WORK REQUIRED:
Give again, word for word, the lines below that run from the line with "Claas ROLLAND 250 2" through the line with "Dünyayı dize getiren". Drop the pictures.
Start of Block
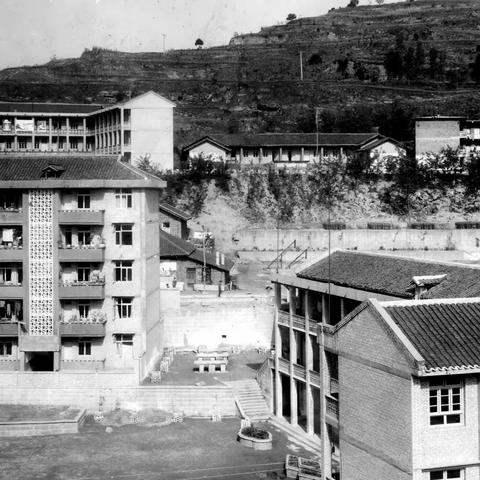 苍溪师范学校1958年至2001年历届毕业生合影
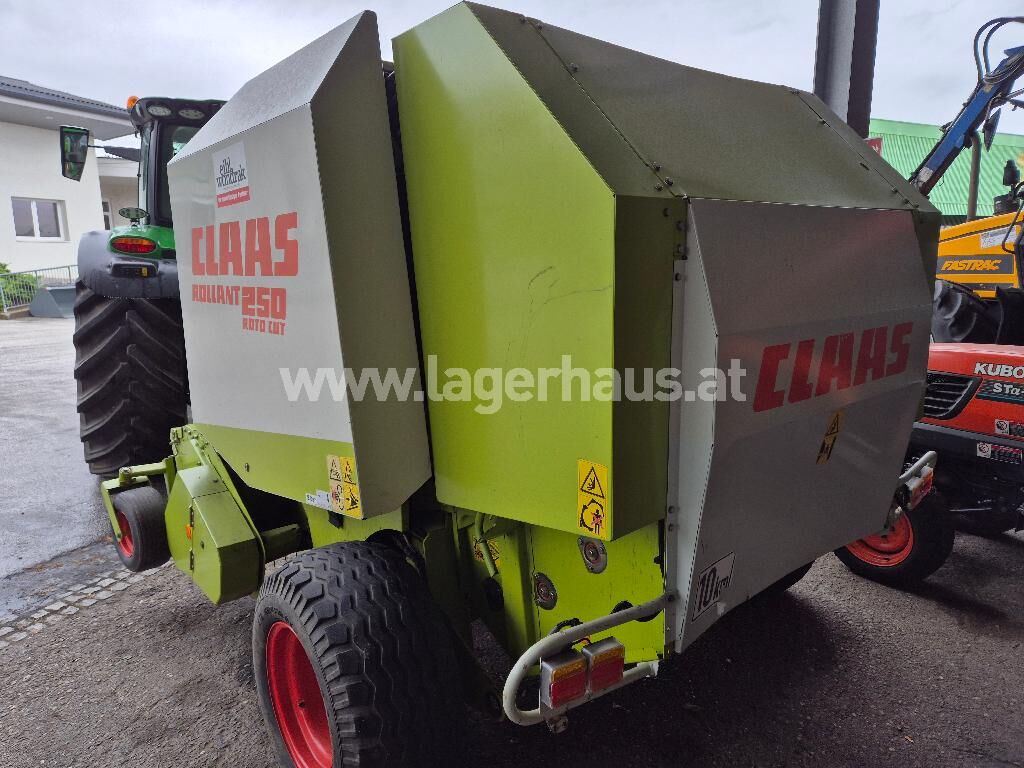 Claas ROLLAND 250 2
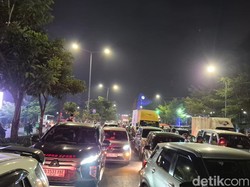 Jalan Alauddin-Pettarani Makassar Macet Parah Malam Ini Imbas Demo Mahasiswa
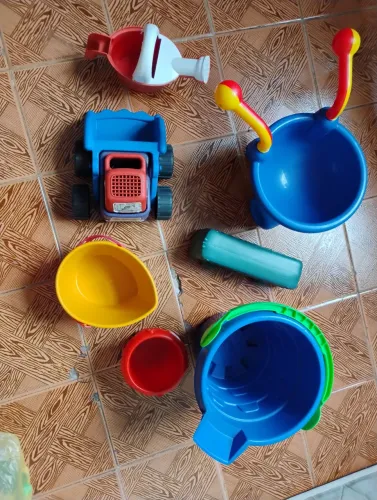 KIT DE BRINQUEDOS DE PRAIA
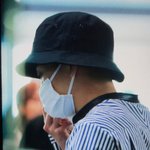 [시우민] <b>정적</b>인 분위기의 공항 시우민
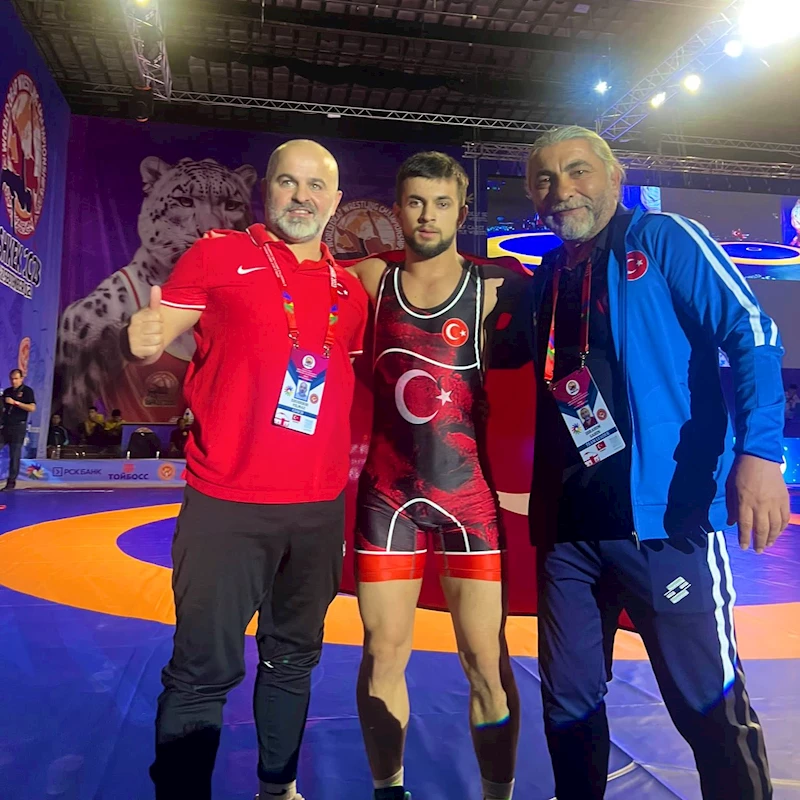 Dünyayı dize getiren Mükremin’e ilk telefon Yüce’den: “Türkiye seninle gurur duyuyor”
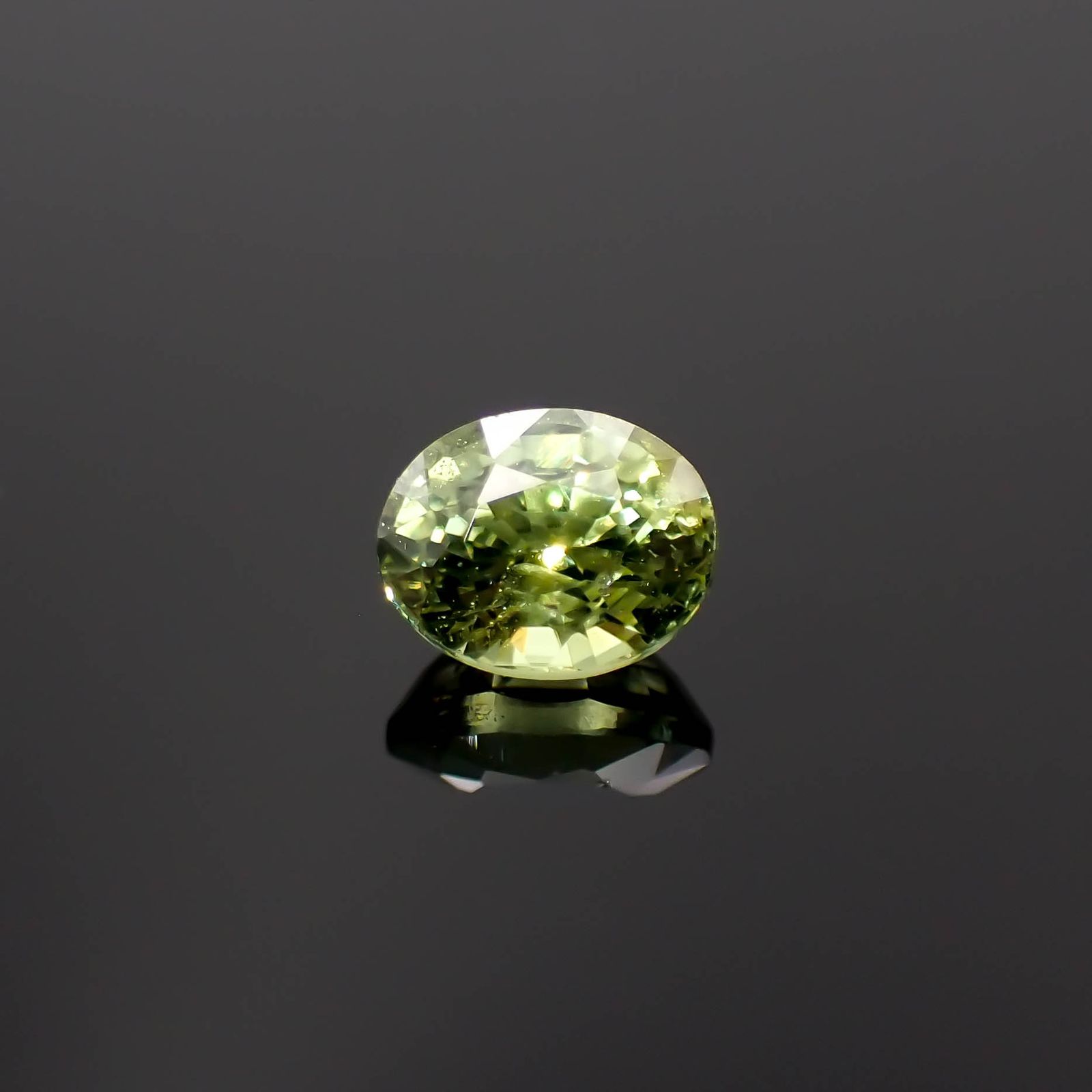 デマントイドガーネット ナミビア共和国産 0.56ct[230421379]5.1x4mm前後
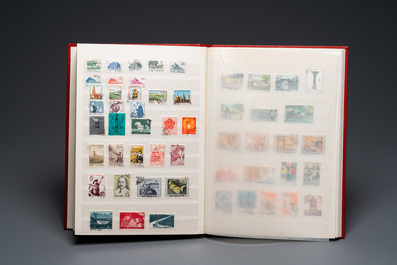 Een album met Chinese postzegels, 20e eeuw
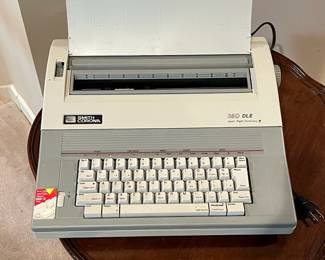 F66 - $35. Smith Corona 350DLE Spell-Right Dictionary - Portable Electric Typewriter. Works!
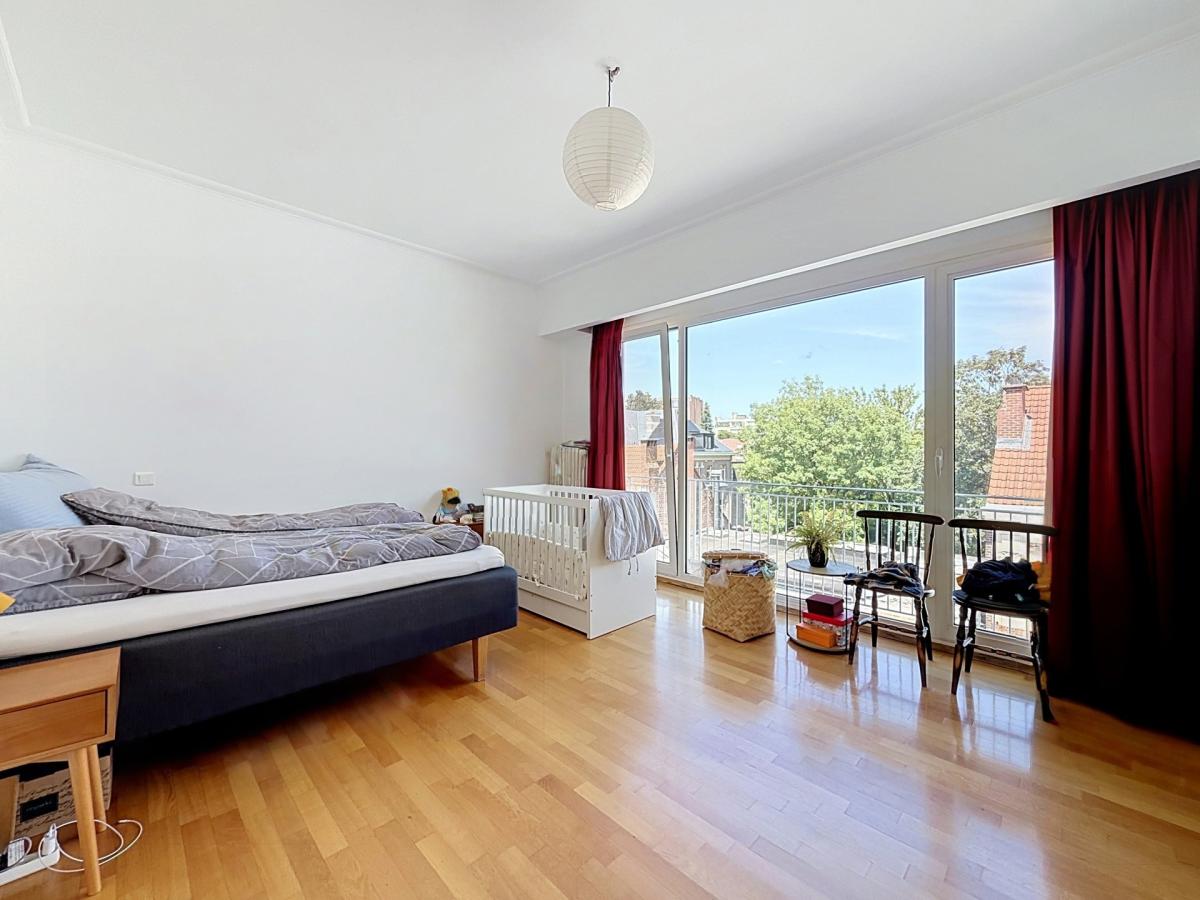Cavell / Churchill : Bel appartement + terrasse !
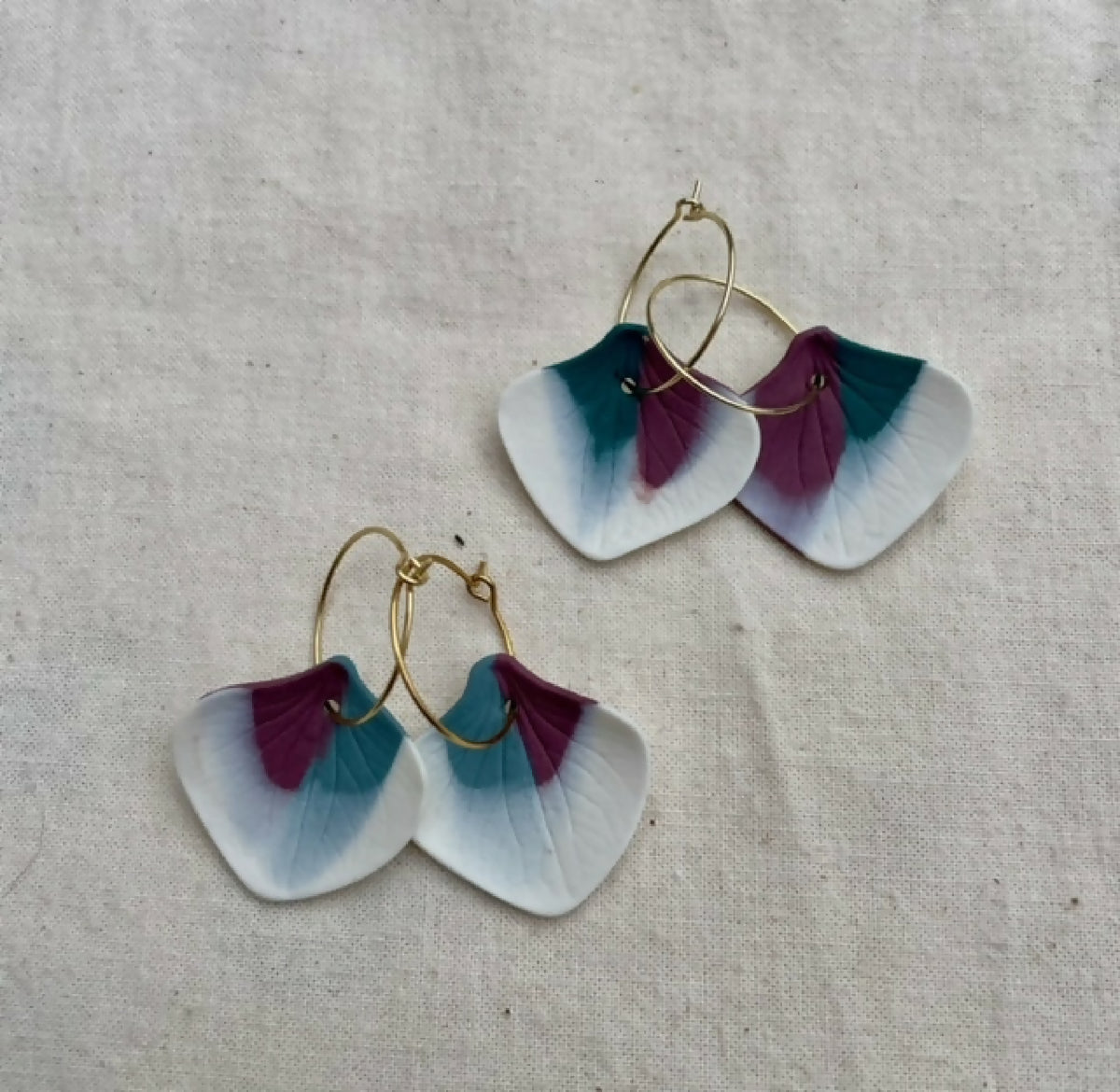 Boucles d’oreille créoles dorées, pendentifs porcelaine bleu clair et prune en forme de goutte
End of Block
EXERCISE ANSWER:
 Claas ROLLAND 250 2
 Jalan Alauddin-Pettarani Makassar Macet Parah Malam Ini Imbas Demo Mahasiswa
 KIT DE BRINQUEDOS DE PRAIA
 [시우민] <b>정적</b>인 분위기의 공항 시우민
 Dünyayı dize getiren Mükremin’e ilk telefon Yüce’den: “Türkiye seninle gurur duyuyor”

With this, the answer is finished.